🤖 AI Summary
This work addresses the trade-off in multi-agent systems between performance degradation under uncoordinated execution and the high communication overhead of explicit coordination. The authors propose a novel on-demand coordination mechanism that conceptualizes coordination as a continuum ranging from joint optimization to Nash equilibrium. Crucially, they establish the first connection between coordination decisions and second-order properties of the objective function—specifically, the structure of the Hessian—by dynamically analyzing its curvature to determine when coordination is necessary. Integrating differentiable motion planning with game-theoretic principles, the proposed algorithm accurately identifies critical moments requiring coordination, thereby maintaining high task performance while substantially reducing communication costs.
📝 Abstract
Multi-robot teams must coordinate to operate effectively.
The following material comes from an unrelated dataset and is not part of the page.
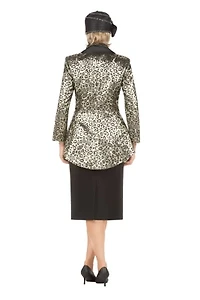2-piece Animal Print Brocade Skirt Suit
When a team operates in an uncoordinated manner, and agents choose actions that are only individually optimal, the team's outcome can suffer. However, in many domains, coordination requires costly communication. We explore the value of coordination in a broad class of differentiable motion-planning problems. In particular, we model coordinated behavior as a spectrum: at one extreme, agents jointly optimize a common team objective, and at the other, agents make unilaterally optimal decisions given their individual decision variables, i.e., they operate at Nash equilibria. We then demonstrate that reasoning about coordination in differentiable motion-planning problems reduces to reasoning about the second-order properties of agents'objectives, and we provide algorithms that use this second-order reasoning to determine at which times a team of agents should coordinate.